The Financial Conduct Authority is consulting on removing the annual client review requirement for financial advisers who provide ongoing pensions and investment services.
In consultation paper CP26/10, released this morning, the FCA outlines plans to simplify the rules for pensions and investments advice.
It said it wants to enable firms to better tailor their ongoing advice services.
The consultation paper detailed plans to moving from requirements to offer annual to periodic suitability reviews and clarifying that firms can charge fees for both personal recommendations and related services on an ongoing basis.
The regulator explained: “We want to enable advisers to offer a broader range of ongoing advice services, with a range of fees to meet different clients’ needs." The move is part of its ongoing plans for simplified advice.
It added: “While the rule changes we are proposing to make may be small, our ambition isn’t. We want to work closely with industry to collectively reframe how simpler advice propositions can be offered to consumers.”
While the regulator recognised the importance of regular suitability reviews, it said that many clients may not need this on an annual basis and that reducing the frequency could also lower the cost of advice.
The regulator added that advisers have told it that firms struggle to design commercially viable simplified advice models due to being unable to tailor their ongoing services to reflect customer needs because of current regulatory requirements for annual reviews.
Under new rules advisers would be able to determine how often they carry out reviews with clients, based on an assessment of customer needs and in keeping with Consumer Duty.
The watchdog said that going forward its focus would be on ensuring firms’ ongoing service offerings comply with Consumer Duty and that it will, “monitor regulatory returns and complaints data, identifying outlier firms and conduct multi-firm reviews.”
The regulator also plans to carry out consumer research and work with advice firms to assess the impact of dropping the annual review requirement.
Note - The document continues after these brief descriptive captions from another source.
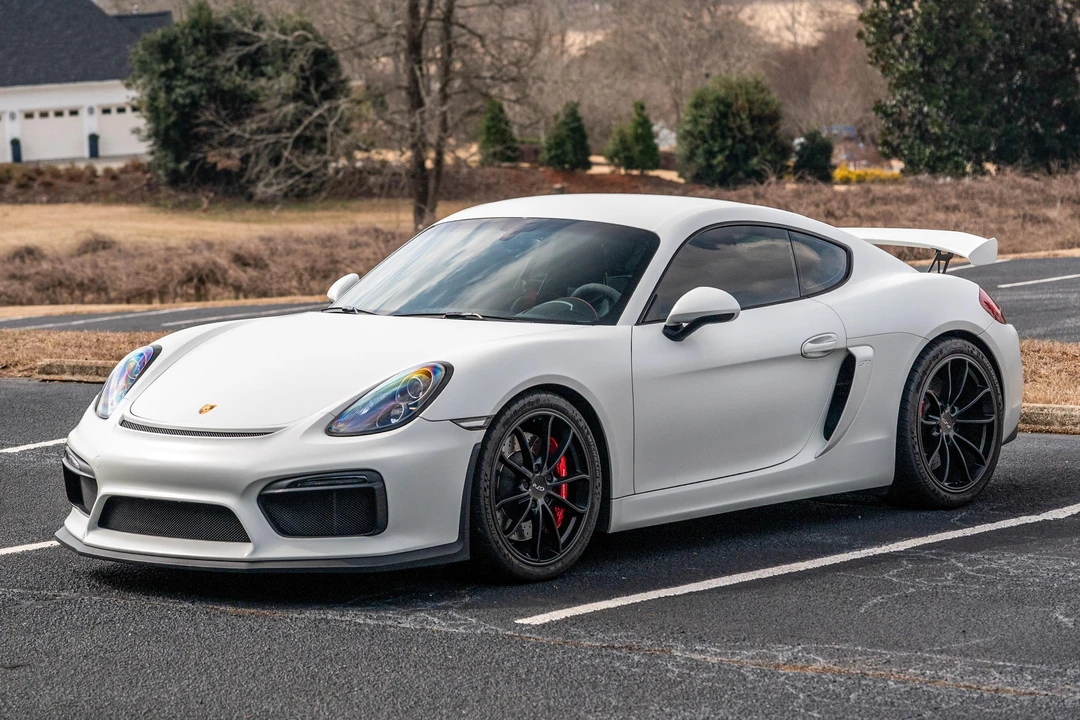 2016 Porsche 981 Cayman GT4 - Image 13 of 31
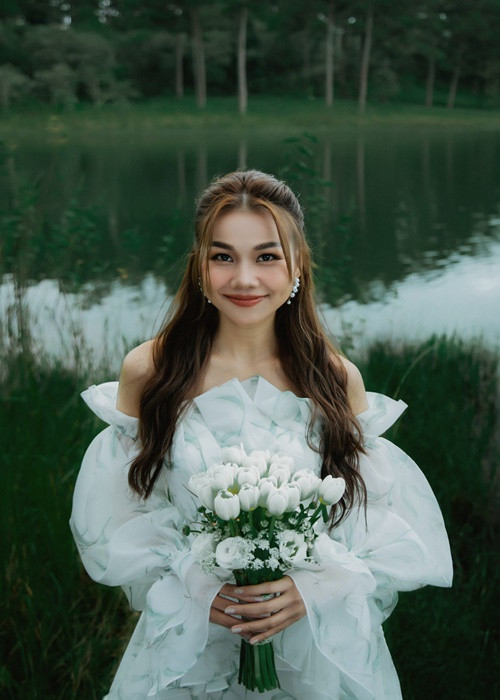 Siêu mẫu Thanh Hằng tổ chức đám cưới vào ngày 22/10. Mới đây, cô khoe bộ ảnh cưới chụp ngoài trời. Ảnh: FBNV.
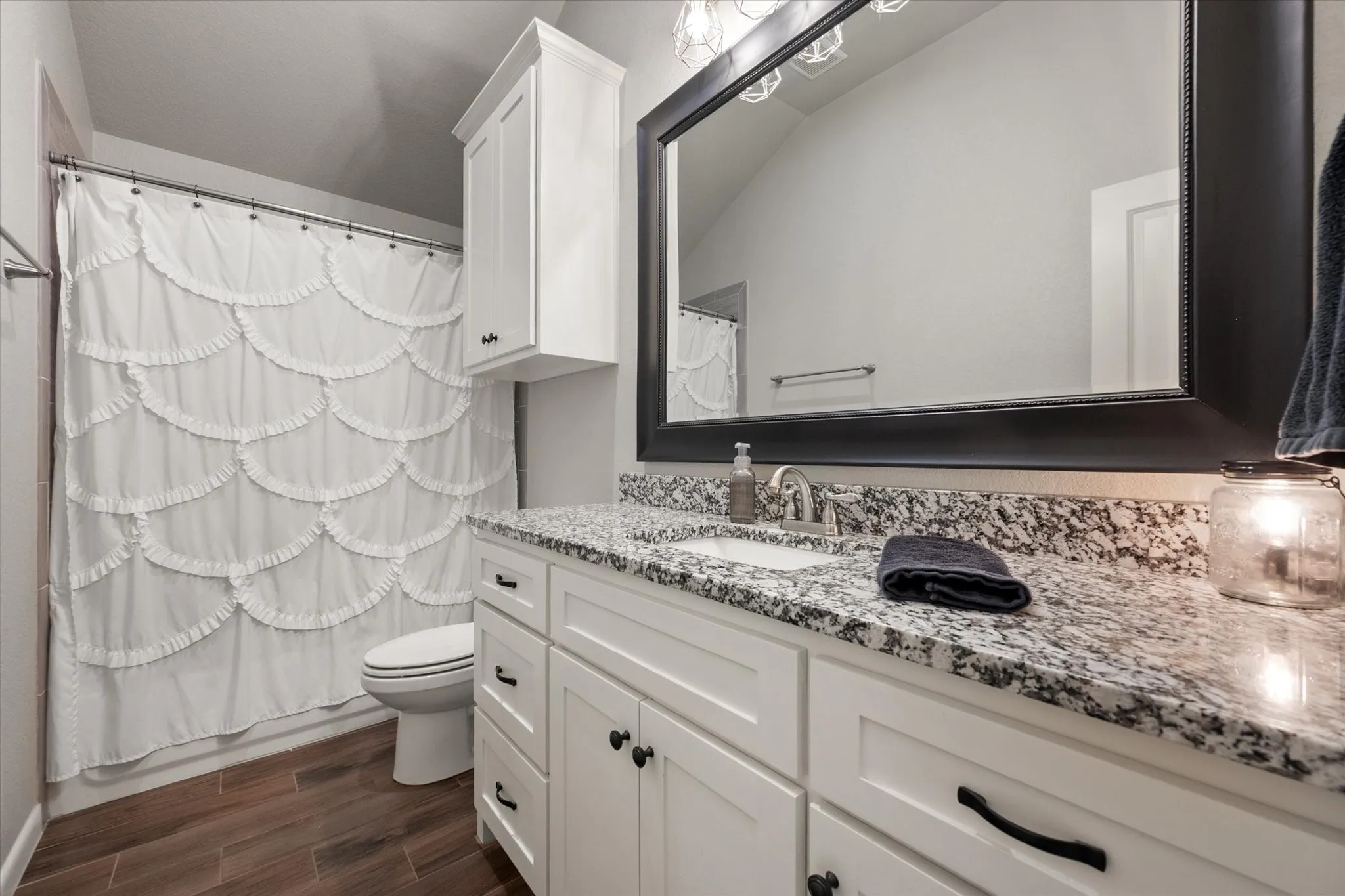 Secondary bathroom convenient to the 2 secondary rooms and main areas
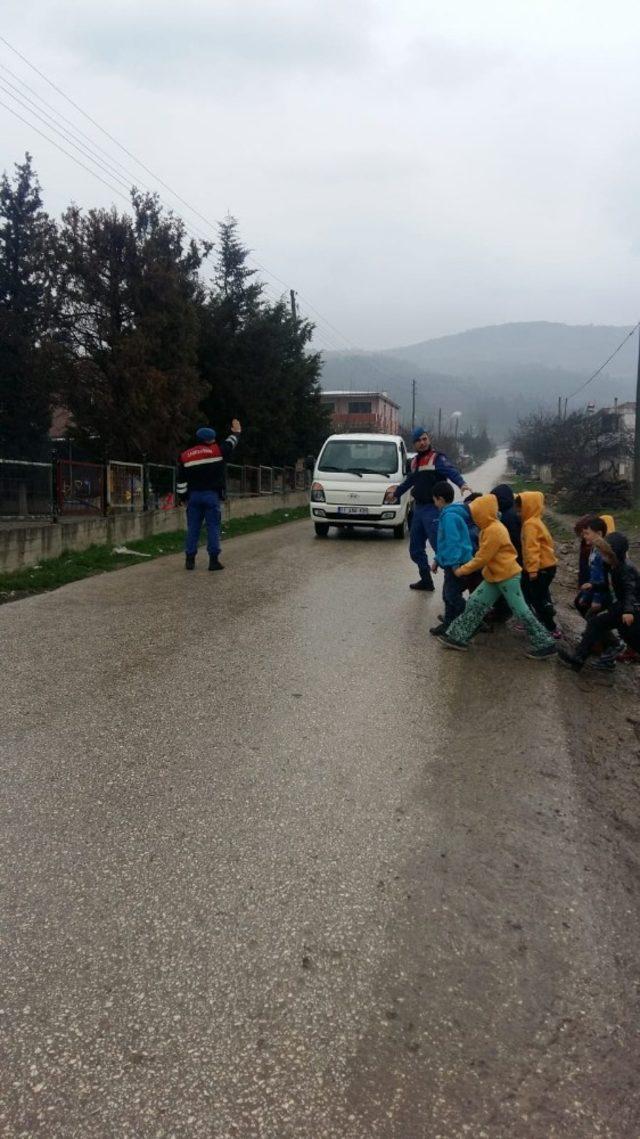 Jandarma köy okul önlerinde ’Öncelik hayatın, öncelik yayanın’ uygulaması yaptı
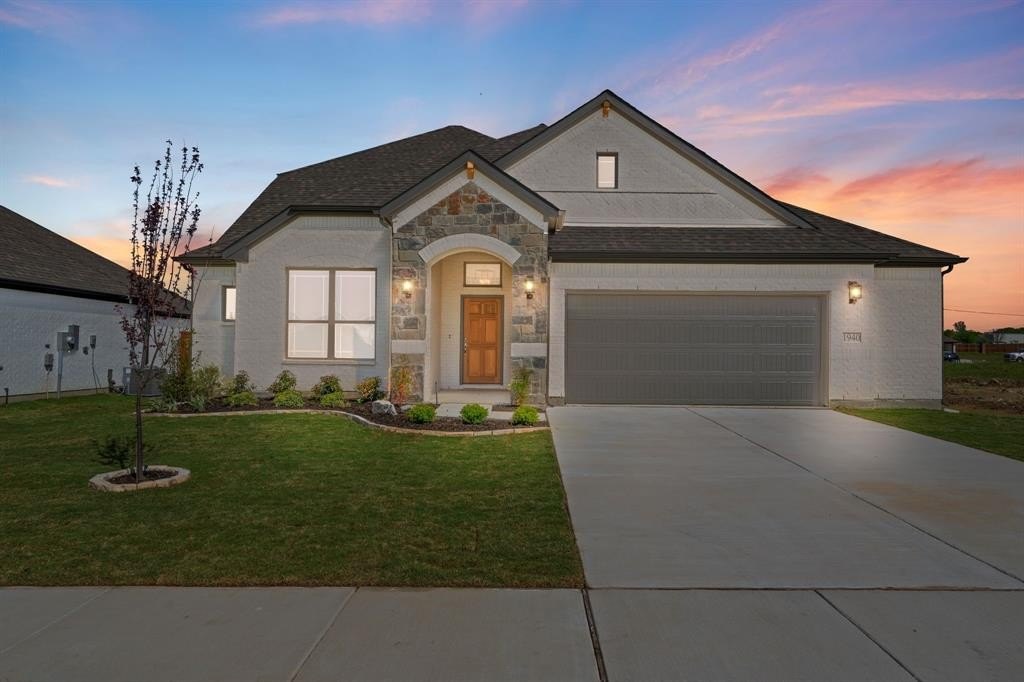 1940 Nightfall Drive, Venus, TX 76084, 5 Habitaciones Habitaciones , ,3 BañosBaños,Residential,En Venta,1940 Nightfall Drive,20905339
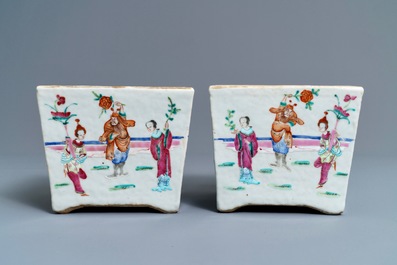 A pair of Chinese famille rose jardini&egrave;res and two celadon bowls, 19th C.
It will also look at the legacy position of trail commissions which were charged on some investment products up to 2012 and may still be charged on pre-2012 sales.
It has called for feedback on whether the proposed changes would, “provide sufficient safeguards” with firms who decide to offer less frequent reviews but do not lower their pricing as a result.
In the FCA’s findings from its review of ongoing advice in February 2025, it found that suitability reviews were delivered annually in 83% of the cases it looked at, with 15% of clients either declining or not responding to an offer of a review.
Following a more in-depth review of the 20 largest advice firms by the regulator, several made large provisions for potential client refunds around ongoing advice.
So far Quilter has paid out £14m in client refunds under its ongoing advice review remediation programme and expects to pay another £56m, according to its most recent financial results.
St James’s Place also set aside £426m for potential client refunds after a review of ongoing advice. In its 2025 financial report SJP said that its historic ongoing service evidence (OSE) review was “progressing at pace” and there was an £18.7m post-tax additional release from the OSE provision at year-end, bringing the total released during 2025 to £82.1m. It anticipates completing the review this year.
Network Openwork has also set aside £2.4m for ongoing advice refunds, according to its latest financial statements.